DA EQUIPE DE ARTICULISTAS

O futebol paulista está perdendo a graça. Ou, pelo menos, parte dela, com as despedidas de Edmundo e Viola.
Edmundo, quando abre a boca, não tem graça nenhuma. Provoca lágrimas... de ódio ou de desespero quanto ao futuro da raça humana. Mas, com a bola nos pés, ilumina um Morumbi mergulhado em trevas só com o sorriso da galera.
Ainda ontem, ouvi de Cláudio Carsughi uma definição correta: para o Palmeiras de hoje, Edmundo é essencial; mas, no Santos de Pelé, seria reserva. A rigor, Edmundo talvez tenha mais defeitos que virtudes, dentro das quatro linhas. Seu senso de solidariedade é zero, e ele próprio me confessou que seu maior problema é no arremesso final a gol.
Na verdade, Edmundo pertence a uma estirpe de jogadores solitários, que só conseguem ter afinidade íntima, e até compulsiva, com a bola. Ele e a bola, fim. Ou o começo de um ato que oscila entre a comédia e a tragédia: se está num dia propício, desmonta qualquer retranca, pois, com seus dribles desmoralizantes, extrai de cada adversário a alma de vencedor, inoculando-lhes o pior de todos os sentimentos: a humilhação.
Nessas ocasiões, faz-me lembrar um pouco de Mané Garrincha, de Luisinho Trujillo. Só que, ao contrário dessas doces personalidades, tem um gênio do cão. E é isso que transforma a comédia em tragédia, ou num cinzento drama B.
Já Viola, não. Viola costumava ser um sarro, dentro e fora das quatro linhas, isso antes de essa história da transferência para a Espanha confundir-lhe as ações, os sentimentos e os pensamentos, como diria o poetinha. Sim, porque sua vertiginosa queda de produção, da Copa até aqui, só pode ser creditada ao conflito causado pela expectativa de sua saída. Entre o desejo de viver sua vidinha de zona leste, rei do Parque, e colher um pote de ouro ao pé do arco-íris, o coração corintiano e paroquial de Viola balança ainda. Não fosse isso, e teríamos aquele mesmo espetáculo de antes da Copa: antes de tudo um goleador, capaz, também, de adornar suas jogadas com lances de inventiva originalidade, além de derramar sangue e suor pelo gramado. Para arrematar, as coreografias que se seguiam a cada gol, coletivas, como a enfatizar seu espírito de corintiana solidariedade.
Partem Edmundo e Viola. Mas ambos deixam a certeza de que ainda há lugar para a individualidade neste futebol que tanto flerta com a robotização.

O Japão não faz mal apenas ao orgulho norte-americano. Em muitos casos, tem desviado nossos craques de seu destino.

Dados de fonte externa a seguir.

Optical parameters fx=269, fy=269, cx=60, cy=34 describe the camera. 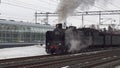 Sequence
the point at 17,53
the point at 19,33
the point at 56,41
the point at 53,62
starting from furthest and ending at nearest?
the point at 19,33 → the point at 17,53 → the point at 56,41 → the point at 53,62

Digo isso pensando em Bentinho, que, se não tivesse vivido o hiato japonês; se tivesse se transferido direto da Lusa para o tricolor, por certo, se anteciparia a Túlio na seleção, e hoje seria xodó do Zagallo. Isso porque é um centroavante jovem, com mais recursos técnicos e quase a mesma eficiência na área. Agora, terá de cumprir um caminho mais tortuoso. Talvez, para nunca chegar ao seu destino.